C.B.S.O. at Symphony Hall by Christopher Morley

Coming back tired and jaded after a demanding and concentrated, highly successful week-and-a-half tour of Central Europe? Not a bit of it.
What we heard from the CBSO in Thursday's packed matinee was an encapsulation of some of the items on their touring programme, but sounding fresh and newly-minted thanks to the elfin energy of Mirga Grazinyte-Tyla.
Under her choreographic baton the Tristan und Isolde Prelude and Liebestod (itself an encapsulation of all that happens during Wagner's marathon opera) was phrased in one great convincing arc, textures as gossamer as chamber-music, eventually erupting into the surging eroticism of the Liebestod's orgasmic release.
Eroticism of a subtler nature suffuses Schumann's Piano Concerto, built out of his love for his hard-won wife Clara, and in this account from veteran pianist Rudolf Buchbinder we were persuasively reminded of its conception as a Fantasia for piano and orchestra, soloist and collaborators breathing and shaping as one, the piano an obbligato member of the orchestra instead of the standout superstar.

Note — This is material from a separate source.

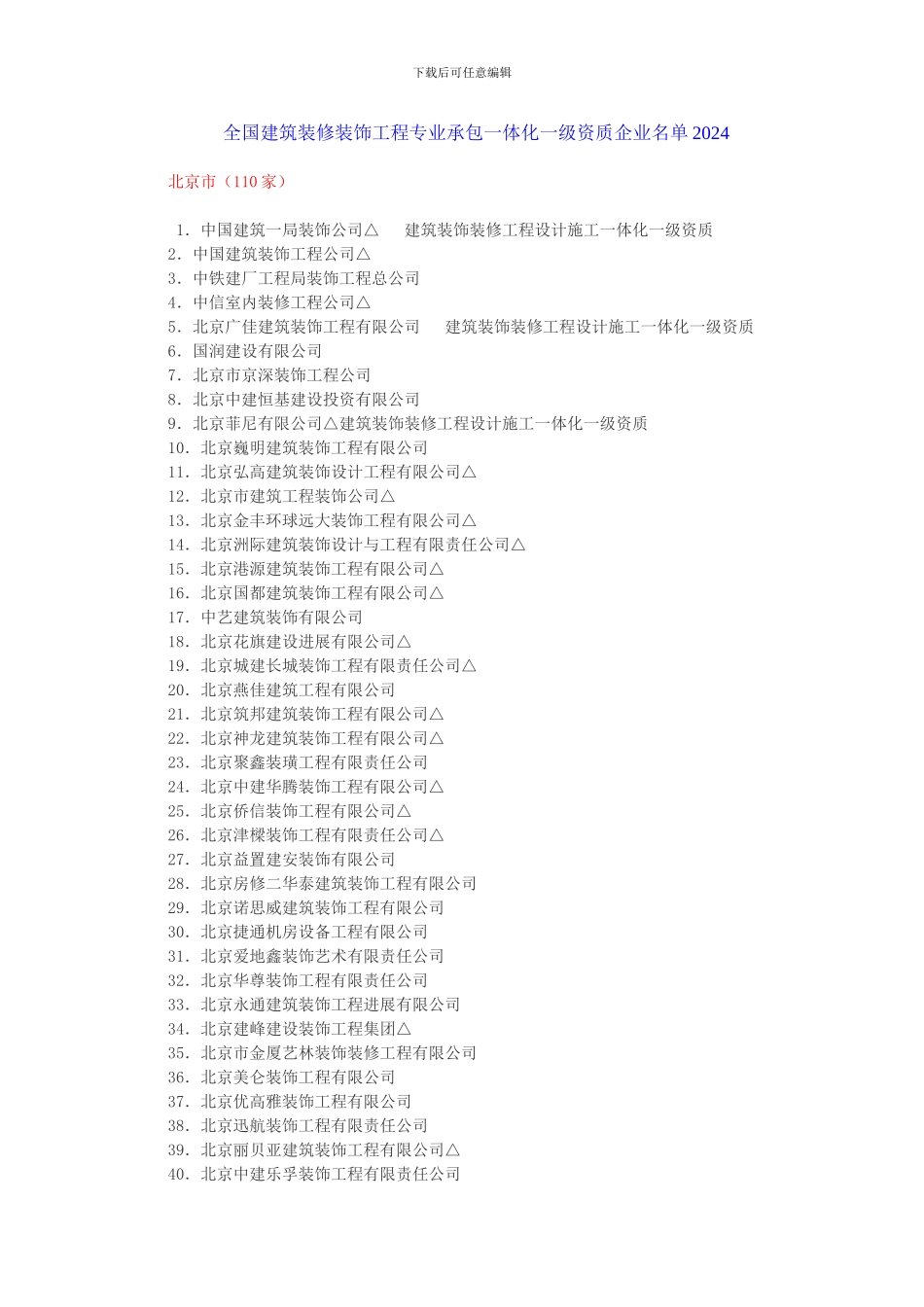 全国建筑装修装饰工程专业承包一体化一级资质企业名单2024_第1页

Buchbinder's left-hand definition underpinned right-hand flights of fancy, bringing the soundworld of Chopin (whom Schumann did so much to encourage) very close, not least in the skirling waltz towards the end of an exhilarating finale, Buchbinder here joyously confronting all Schumann's mischievous conundrums.

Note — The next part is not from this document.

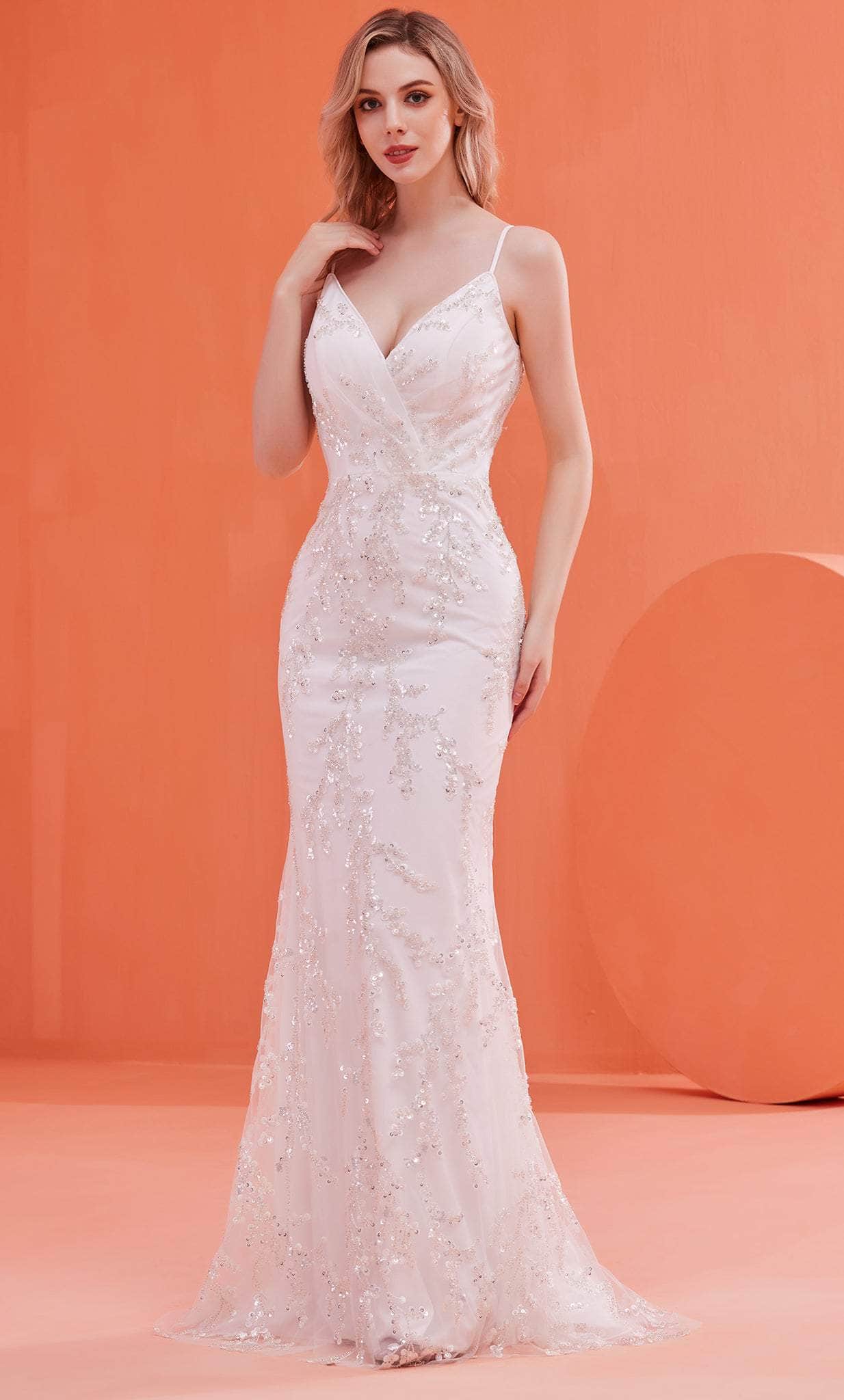 Image of J'Adore Dresses J22013 - Spaghetti Strap Beaded Prom Gown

Mirga hurtled into a reckless, gripping opening movement of Beethoven's Fifth Symphony, stunning the restless post-interval audience as the music flashed by in a trice (though pauses could have been prolonged more portentously), as terse and dramatic as the composer's Coriolan overture, also in C minor.
Gossamer textures were again to the fore in the slow movement, sinuous embellishments to the melodic material and crisp phrase-endings to the rhetorical outbursts. Perhaps elements of the scherzo sounded too easy, too suave, but the transition to the glorious finale (death-rattling timpani --"period" instruments, as were the heavy brass --, grisly strings) burst us into glorious sunlight as this aspirational music span to its irresistibly affirmative conclusion.